Early versions of Michigan's first school safety reforms since the Parkland, Florida, mass shooting steer toward campus security and away from gun laws, but the size and application of the new funds remains uncertain.
Lawmakers agree school security funding has been a long-neglected priority, especially in Michigan's most cash-strapped districts. The Senate last week unanimously approved an extra $18.6 million for school safety initiatives this fiscal year, to be spent on grants for physical building enhancements and safety assessments, a new "panic button" smartphone app system and a $650,000 expansion of the attorney general's OK2SAY confidential tip line. The House decided to earmark $25 million for school safety in next year's budget.
The House also began hearings last week on a bipartisan school safety package. It would cement Michigan's most sweeping campus security protocols yet and establish a school safety commission to control the funds being debated in House and Senate budget talks.

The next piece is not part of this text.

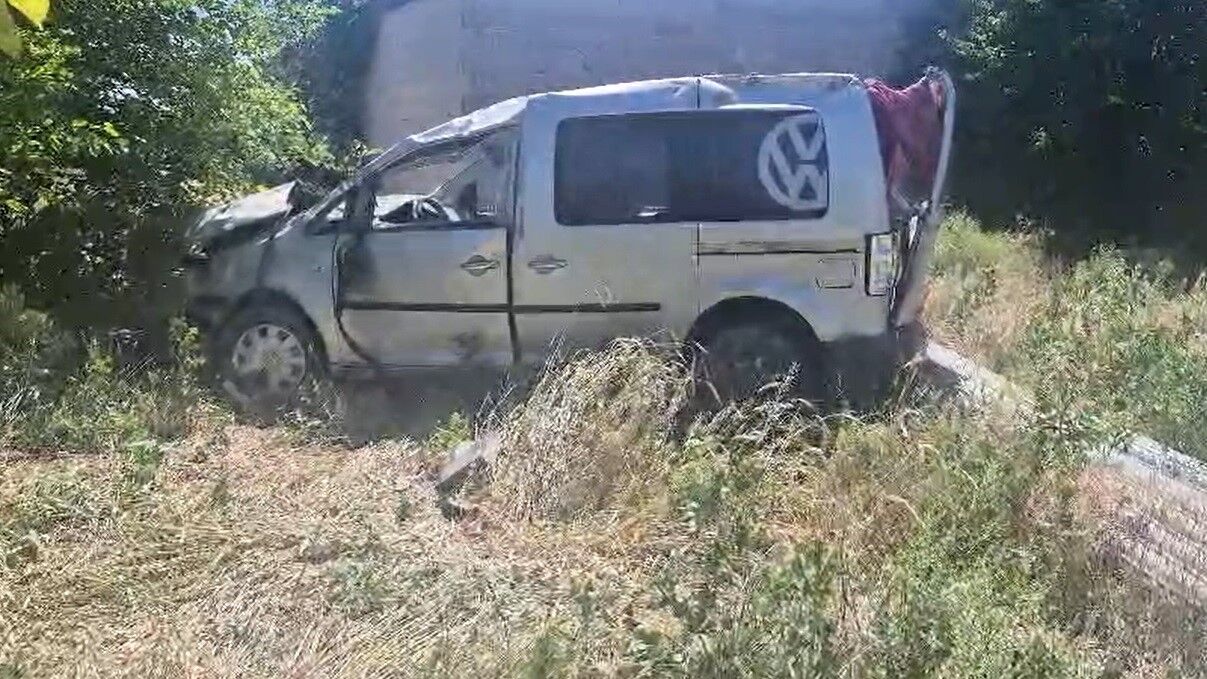 Mahalleyi Ayaga Kaldiran Kaza Bahce Duvarini Asan Arac Can Aldi (2)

"This is the first step that we should have probably done many, many years ago," said bill sponsor Rep. Jason Wentworth, a Clare Republican. "We're just now catching up to the rest of the country."
The commission proposed by the five-bill bundle would be responsible for creating, inspecting and grading schools' safety metrics and would steer funds for improvements accordingly. The legislation also ramps up building security requirements for all schools constructed starting in 2019.

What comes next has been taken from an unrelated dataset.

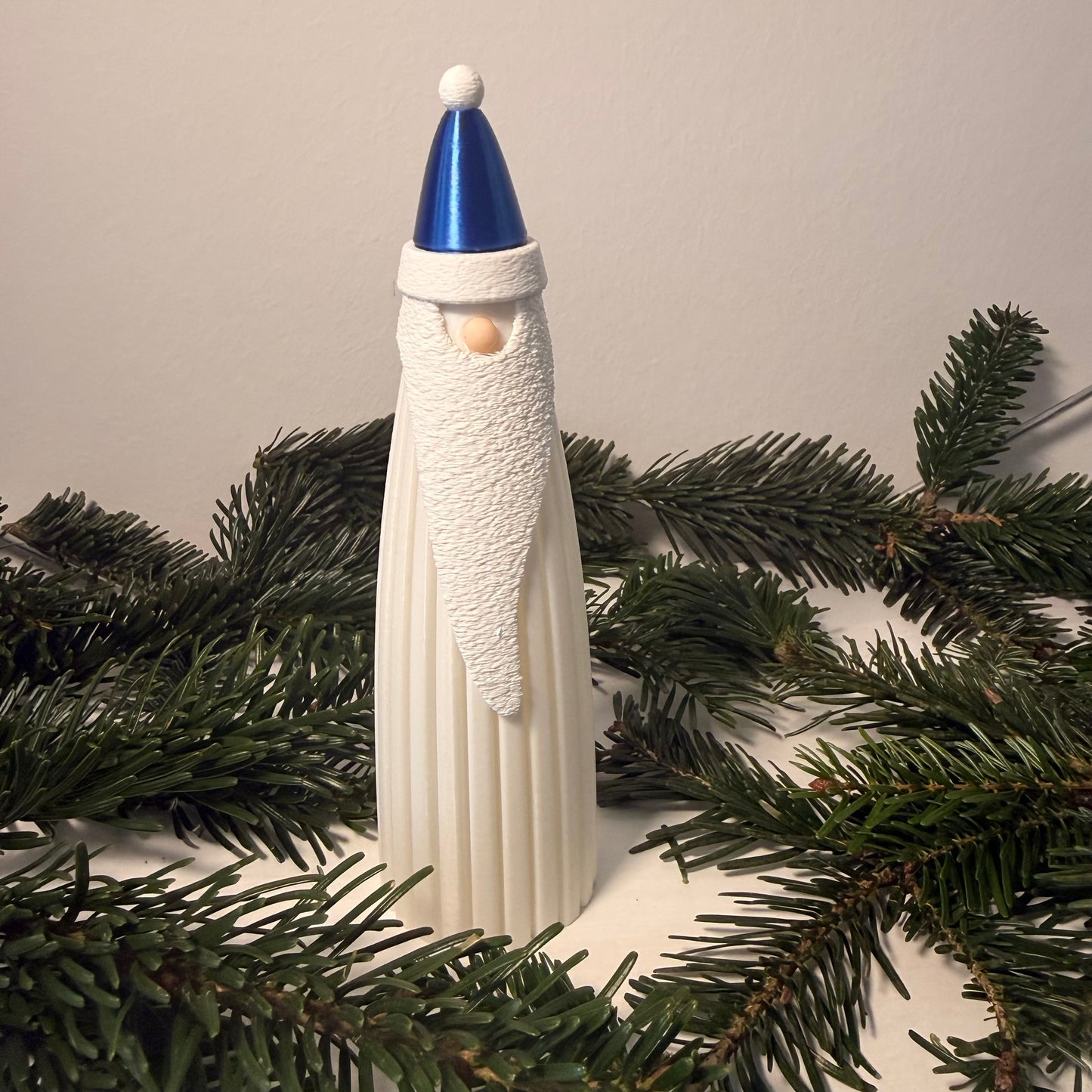 Skandinavischer Weihnachtsmann – 3D-gedruckte Dekofigur mit langer Bartstruktur | Moderne Weihnachtsdeko aus PLA | LED-Teelicht-kompatibel (nicht inklusive)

Earlier this month, Gov. Rick Snyder issued an executive order creating a temporary school safety task force to jumpstart his own plans of funneling $20 million into upgrades for up to 400 schools' security features, the OK2SAY program and behavioral health assessment training. Senate Democrats countered with a $100 million school safety package and renewed calls for gun reform.
The legislative activity emerges more than two months after the U.S.'s deadliest school shooting in five years claimed 17 lives inside a Florida high school. Lawmakers initially discussed a smattering of gun ideas that ranged from arming teachers to legalizing temporary firearm confiscations, also known as "red flag" laws.

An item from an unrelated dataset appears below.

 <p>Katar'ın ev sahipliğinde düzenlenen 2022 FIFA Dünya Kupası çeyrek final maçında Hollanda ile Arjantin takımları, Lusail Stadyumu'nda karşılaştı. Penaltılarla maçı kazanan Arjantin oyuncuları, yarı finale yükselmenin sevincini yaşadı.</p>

Snyder, a Republican, endorsed the latter proposal, but both chambers of the GOP-controlled Legislature have been reluctant to budge on gun rights.
School safety remains the more viable path to thwart campus firearm violence in a state that has seen its share of campus threats. In the first month after Parkland, the nonprofit Educator's School Safety Network ranked Michigan third in the U.S. for volume of school threats and violent incidents.
The U.S. Attorney for Michigan's eastern district, which includes Detroit, said earlier this month that an unprecedented "epidemic" of threats are "damaging our communities and terrifying our citizens."
Oakland County Sheriff Mike Bouchard said his office has gone from seeing about one school threat a week to multiple ones per day since Parkland.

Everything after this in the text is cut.